Ein Vertreter von Abu Sayyaf beharrte auf der Behauptung, sie habe die verlangte Lösegeldsumme in Höhe von 4,3 Millionen Euro komplett erhalten. Die Summe würde in einen normalen Koffer passen. Tatsächlich war Freitag plötzlich nicht mehr von der vorherigen Forderung der Abu Sayyaf die Rede, Berlin müsse seine Unterstützung des Luftkampfs gegen die Terrorgruppe "Islamischer Staat" im Nahen Osten einstellen.
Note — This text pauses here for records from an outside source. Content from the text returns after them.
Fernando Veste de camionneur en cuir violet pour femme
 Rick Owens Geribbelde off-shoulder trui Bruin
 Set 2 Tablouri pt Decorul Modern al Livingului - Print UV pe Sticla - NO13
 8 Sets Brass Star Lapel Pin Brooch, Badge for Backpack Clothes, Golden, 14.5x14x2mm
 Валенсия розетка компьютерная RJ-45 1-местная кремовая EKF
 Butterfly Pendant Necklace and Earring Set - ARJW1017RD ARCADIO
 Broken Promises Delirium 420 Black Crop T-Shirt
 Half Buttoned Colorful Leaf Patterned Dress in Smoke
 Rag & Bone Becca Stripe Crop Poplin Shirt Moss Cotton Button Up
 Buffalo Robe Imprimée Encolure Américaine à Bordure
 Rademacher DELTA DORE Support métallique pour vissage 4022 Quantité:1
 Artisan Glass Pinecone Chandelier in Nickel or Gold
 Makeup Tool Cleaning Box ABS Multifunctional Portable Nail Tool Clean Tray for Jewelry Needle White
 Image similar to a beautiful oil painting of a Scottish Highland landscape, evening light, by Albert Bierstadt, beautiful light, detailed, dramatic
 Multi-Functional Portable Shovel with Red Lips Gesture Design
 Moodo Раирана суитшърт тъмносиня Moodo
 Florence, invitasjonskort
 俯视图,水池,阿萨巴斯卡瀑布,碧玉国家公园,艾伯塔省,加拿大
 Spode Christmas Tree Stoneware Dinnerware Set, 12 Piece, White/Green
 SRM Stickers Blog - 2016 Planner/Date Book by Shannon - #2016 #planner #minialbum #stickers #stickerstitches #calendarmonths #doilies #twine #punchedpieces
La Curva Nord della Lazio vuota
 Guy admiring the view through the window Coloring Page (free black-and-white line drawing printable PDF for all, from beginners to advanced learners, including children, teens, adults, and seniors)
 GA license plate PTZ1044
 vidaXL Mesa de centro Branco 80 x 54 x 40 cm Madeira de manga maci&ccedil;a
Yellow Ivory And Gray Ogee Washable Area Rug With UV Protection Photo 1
Abu Sayyaf, die seit Anfang des Jahrtausends eine blutige Spur ziehen, konnte trotz aller Offensiven bislang nicht völlig zerschlagen werden. Zum einen gelingt es der relativ undisziplinierten Truppe dank Lösegeldern Schutz bei der Bevölkerung zu erkaufen. Andererseits stellten Ableger der Gruppe bei einigen der mehr als zehn von ihnen festgehaltenen anderen ausländischen Geiseln nie Lösegeldforderungen.

Und während die Zeitungen über Tee und Schokolade für die freigelassenen Deutschen berichten, ist manchen Filipinos angesichts der wahrscheinlichen Lösegeldzahlungen unwohl. "Mir gefällt das nicht", sagt der 45-jährige Dennis Opoc, "das Geld hilft dem Terrorismus."